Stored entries
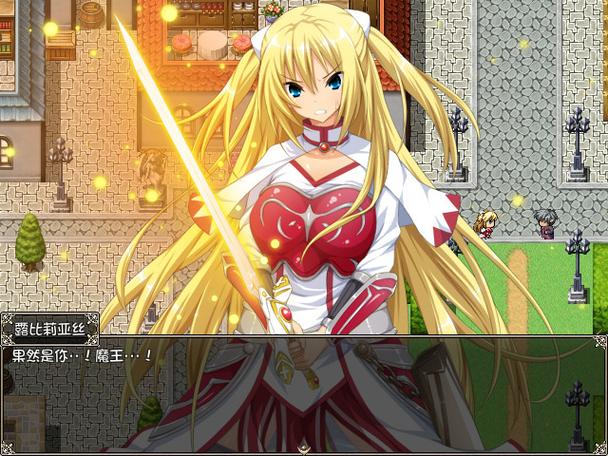 [RPG官中]圣骑士大人与魅魔从者 V1.01[电脑1.1G]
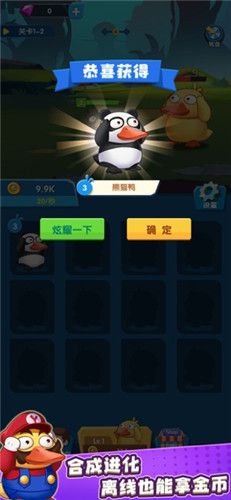 疯狂合体鸭红包版下载-疯狂合体鸭官方无广告版下载v1.0.0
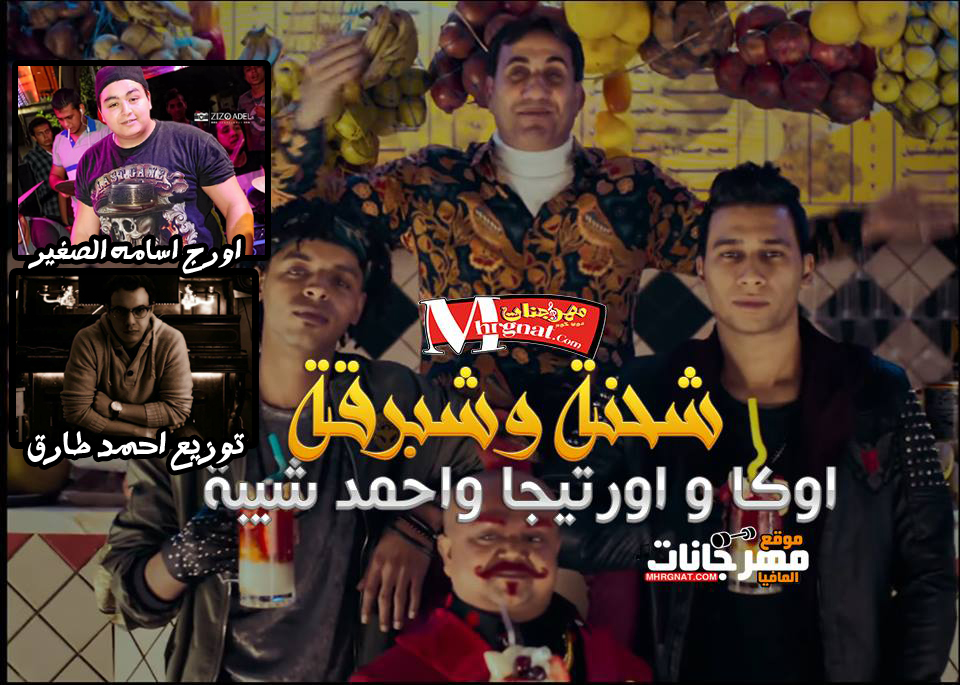 اعلان فودافون 2018 ﺷﺤﻨﺔ و ﺷﺒﺮﻗﺔ غناء اوكا و اورتيجا و احمد شيبة اورج اسامة الصغير توزيع احمد طارق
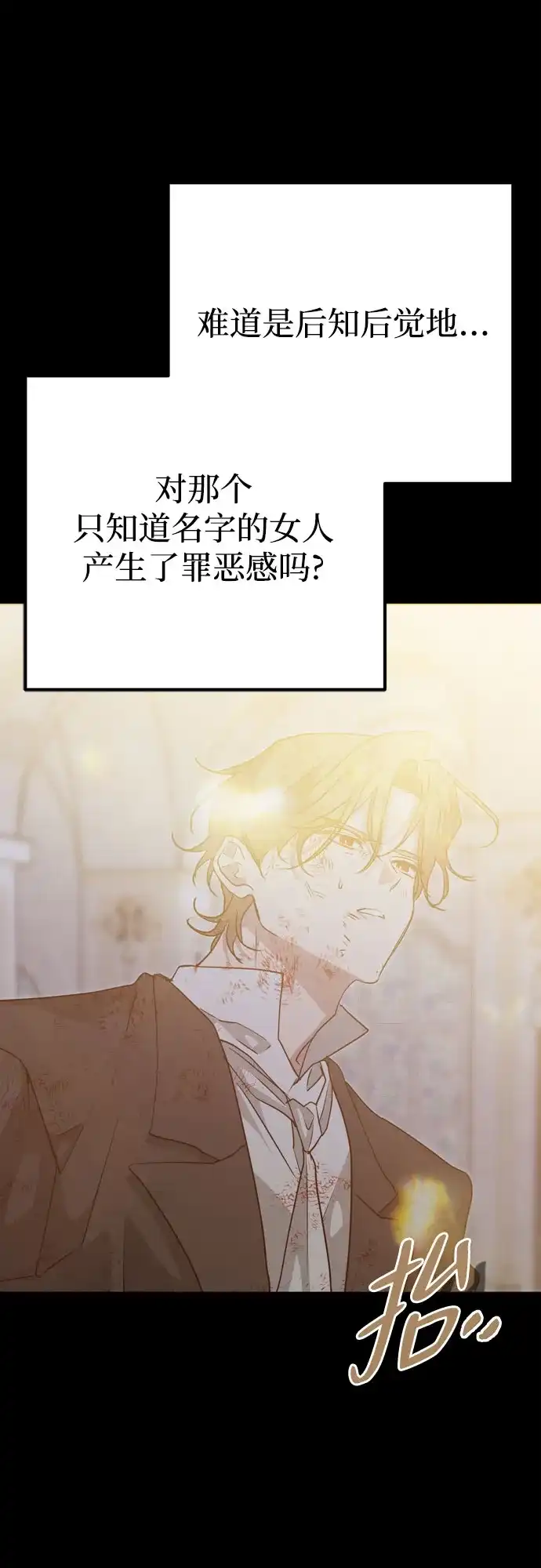 致命的绯闻 第47话 第72页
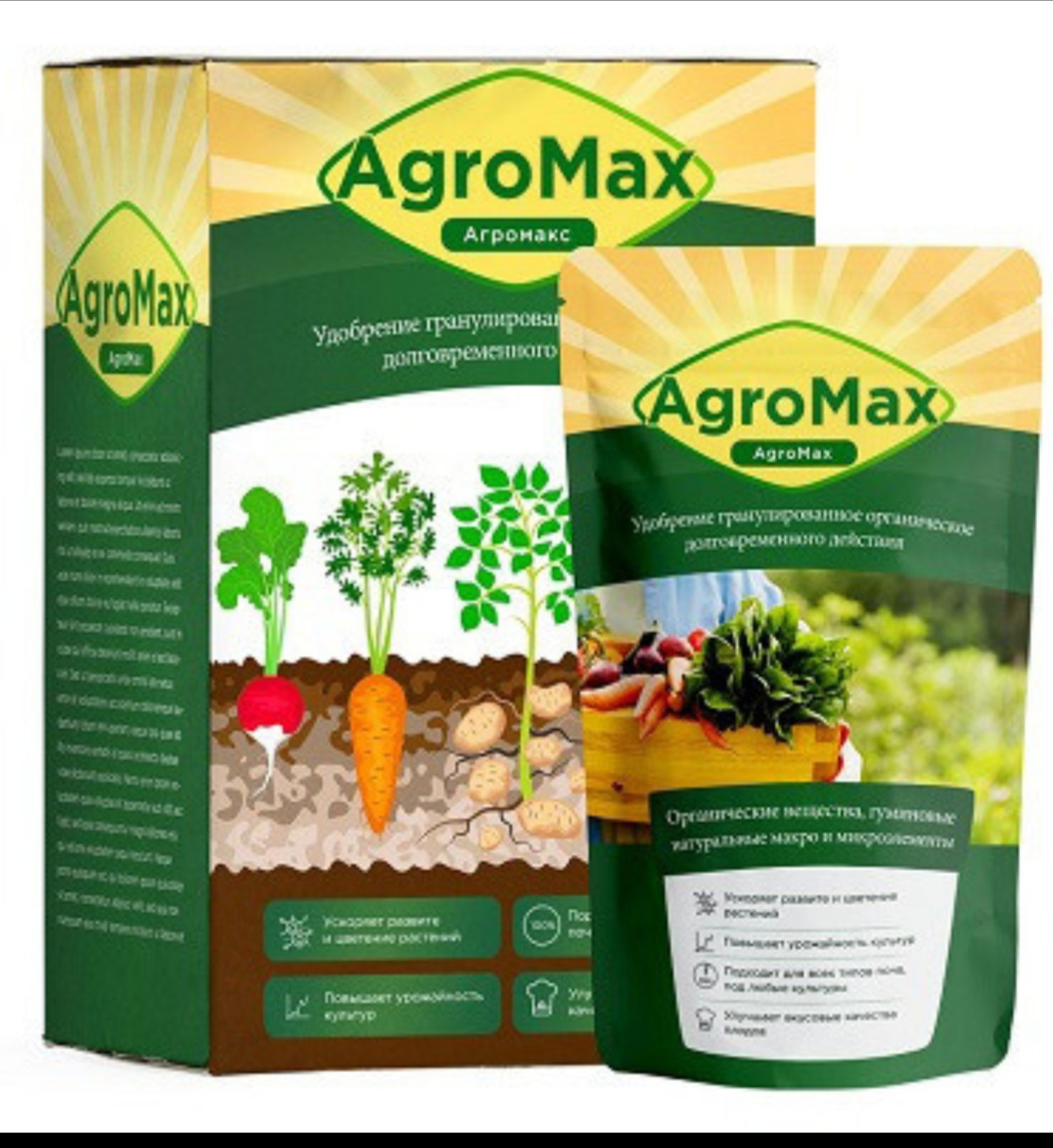 AGROMAX - Добриво у саше (АгроМакс) - ОРИГІНАЛ !!!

▶ _Work order_
From the first line to the last, repeat the records exactly. Leave out the pictures.

▶ _Output below_
 [RPG官中]圣骑士大人与魅魔从者 V1.01[电脑1.1G]
 疯狂合体鸭红包版下载-疯狂合体鸭官方无广告版下载v1.0.0
 اعلان فودافون 2018 ﺷﺤﻨﺔ و ﺷﺒﺮﻗﺔ غناء اوكا و اورتيجا و احمد شيبة اورج اسامة الصغير توزيع احمد طارق
 致命的绯闻 第47话 第72页
 AGROMAX - Добриво у саше (АгроМакс) - ОРИГІНАЛ !!!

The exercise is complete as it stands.